3.3 Lab 2: Monte Carlo Simulations

In this lab, we will study the theoretical properties of the estimators that we have been discussing in this chapter.

Monte Carlo simulations are a useful way to study/understand the properties of an estimation procedure. The basic idea is that, instead of using real data, we are going to use simulated data where we control the data generating process. This will be useful for two reasons. First, we will know what the truth is and compare results coming from our estimation procedure to the truth. Second, because we are simulating data, we can actually carry out our thought experiment of repeatedly drawing a sample of some particular size.

For this lab, we are going to make simulated coin flips.

  1. Write a function called flip that takes in an argument p where p stands for the probability of flipping a heads (you can code this as a 1 and 0 for tails) and outputs either 1 or 0. Run the code

    flip(0.5)

    Hint: It may be helpful to use the R function sample.

  2. Write a function called generate_sample that takes in the arguments n and p and generates a sample of n coin flips where the probability of flipping heads is p. Run the code

    generate_sample(10,0.5)
  3. Next, over 1000 Monte Carlo simulations (i.e., do the following 1000 times),

    1. generate a new sample with 10 observations

    2. calculate an estimate of \(p\)

    (Hint: you can estimate \(p\) by just calculating the average number of heads flipped in a particular simulation)

    1. a t-statistic for the null hypothesis that \(p=0.5\)

    2. and record whether or not you reject the null hypothesis that \(p=0.5\) in that simulation

Then, using all 1000 Monte Carlo simulations, report (i) an estimate of the bias of your estimator, (ii) an estimate of the variance of your estimator, (iii) an estimate of the mean squared error of your estimator, (iv) plot a histogram of the t-statistics across iterations, and (v) report the fraction of times that you reject \(H_0\).
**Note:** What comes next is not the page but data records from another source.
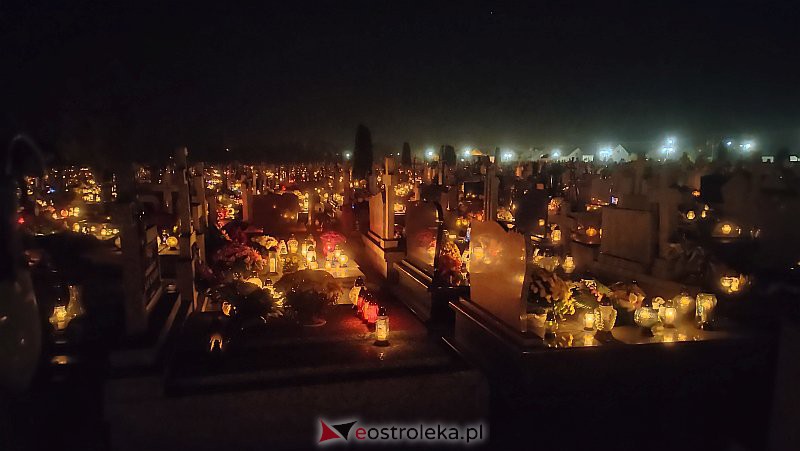 Cmentarz w Rzekuniu nocą [01.11.2021] - zdjęcie #4 - eOstroleka.pl
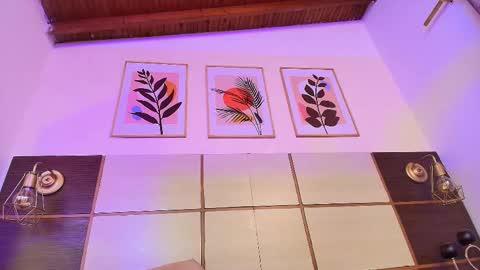 Snapshot of alisson_am chatting on February 23, 2:35 pm Alisson online show from February 23, 2:35 pm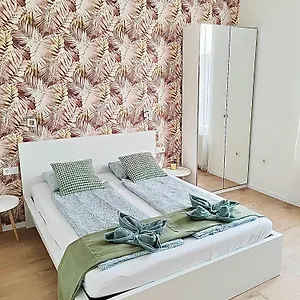 R374 #freeparking Budapesta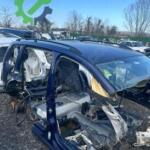 VOLKSWAGEN TOURAN KESME DİREKLİ TAVAN ORJİNAL ÇIKMA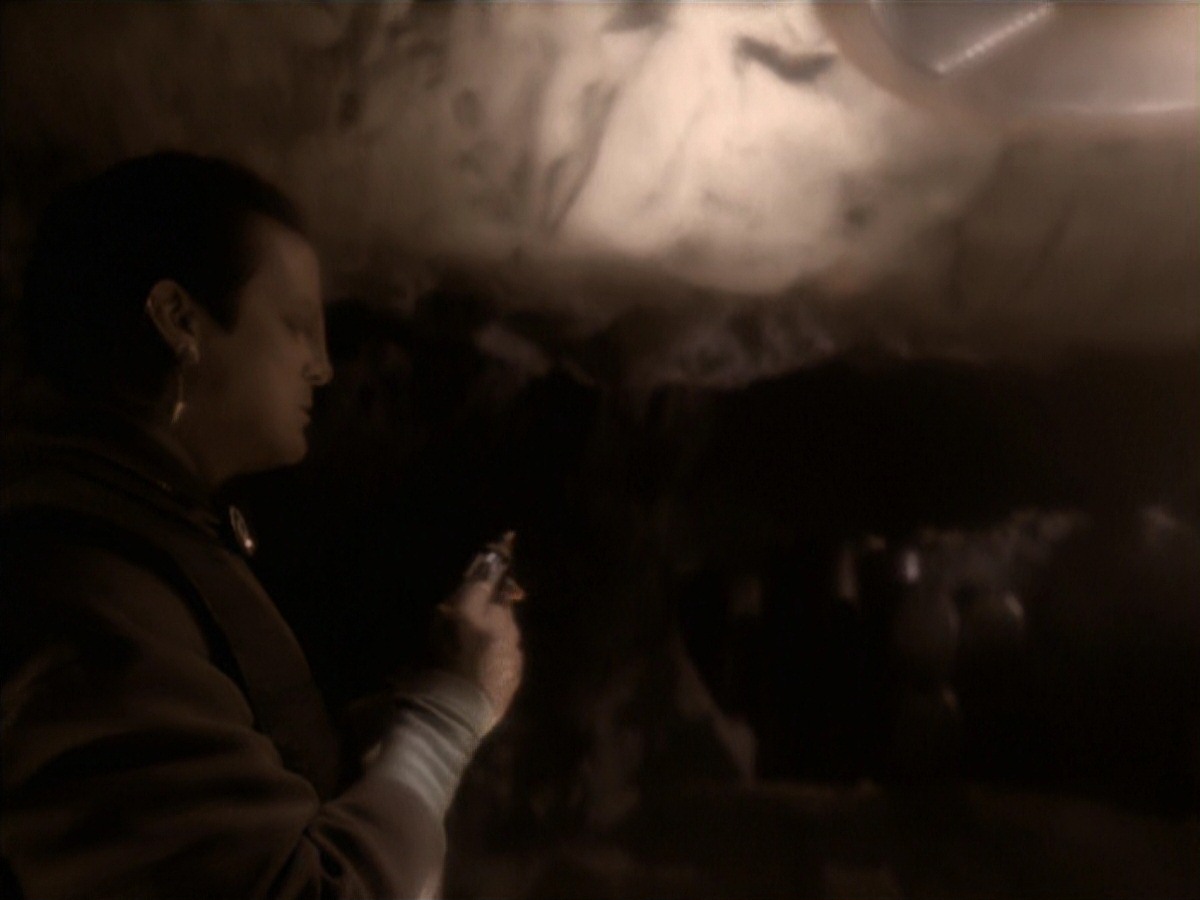 extant_StarTrek_VOY_7x04-Repression_2673.jpg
  1. Same as #3, but with 50 observations in each simulation. What differences do you notice?

  2. Same as #3, but with 50 observations and test \(H_0:p=0.6\). What differences do you notice?

  3. Same as #3, but with 50 observations and test \(H_0:p=0.9\). What differences do you notice?

  4. Same as #3, but with 1000 observations and test \(H_0:p=0.6\). What differences do you notice?

  5. Same as #3, but now set \(p=0.95\) (so that this is an unfair coin that flips heads 95% of the time) and with 10 observations and test \(H_0:p=0.95\). What differences do you notice?

  6. Same as #8, but with 50 observations. What differences do you notice?

  7. Same as #8, but with 1000 observations. What differences do you notice?

Hint: Since problems 3-10 ask you to do roughly the same thing over and over, it is probably useful to try to write a function to do all of these but with arguments that allow you to change the number of observations per simulation, the true value of \(p\), and the null hypothesis that you are testing.